On the other side of this lake, Snyder has raided the Reed archives and set up images and articles illustrating the point in time when the Reed student body became racially integrated. Methods that had been taught and practiced suddenly needed to be revamped and reconsidered in order to address the new student body. As the new student body merely contained more humans, this concept is startling. Hammons’ Holy Bible: Old Testament sits just across the lake, and the echoing between the two is cacophonous. What trust do we place in governing bodies of knowledge? What ensues when they no longer carry the torch of authority? The way we see the world alters.
Walking out of the gallery space, two last very small, yet profoundly significant pieces call a quiet attention to themselves. They are the artist Dave McKenzie’s pieces, one on each side of the gallery entrance. These pieces seem to complete this exhibition as a poetic voice, welled from ethereal entrails. Where the other pieces in the show appropriate images and methodologies (both formal and ideological) to comment upon or around the impositions of the majority, MacKenzie’s pieces speak directly. They also address the notion of time as an almost non-entity. Time is after all, a human compartmentalization. Events repeat themselves, yesterday cannot be seen the same as today or tomorrow, and all is circumspect and yet somehow a given. History and the allegory of McKenzie’s Open Letters illustrate this.
Because as humans we are ultimately faulted, the cycles of behavior and thought repeat themselves infinitely. According to MacKenzie, each facet of these occurrences require amounts of compassion.
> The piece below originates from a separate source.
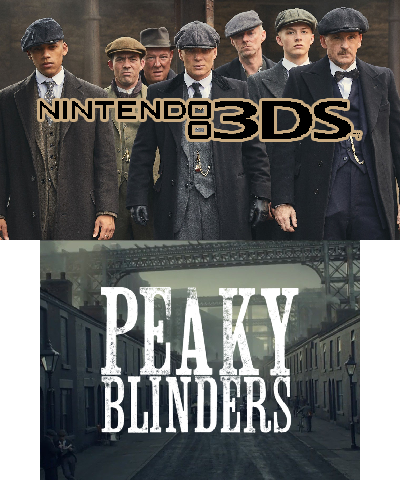 Peaky Blinders Splash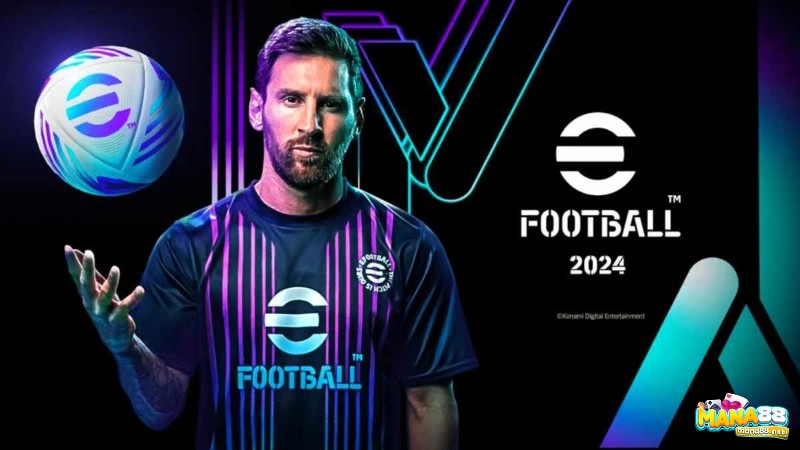 eFootball™ (PES Mobile) – Trải nghiệm chiến thuật sâu sắc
Snyder has compiled these artists into a philosophical discussion whose relevance and timing are incredibly apropos. As one of the most historically
significant elections our country has seen in decades draws near, and the war in Iraq rages on somewhat aimlessly, a reassessment of history and future require a re-examination. The pieces in Working History remind us that even history is in flux, to rest entirely on the laurels of our predecessors is dangerous, and our ability for thought is our greatest asset. What these artists give us is the representation and commentary of the gaps in the sputtering flux. Placed in one room together, the conversation they engender creates yet another kind of commentary as the voice of contemporary African America, never before understood or realized.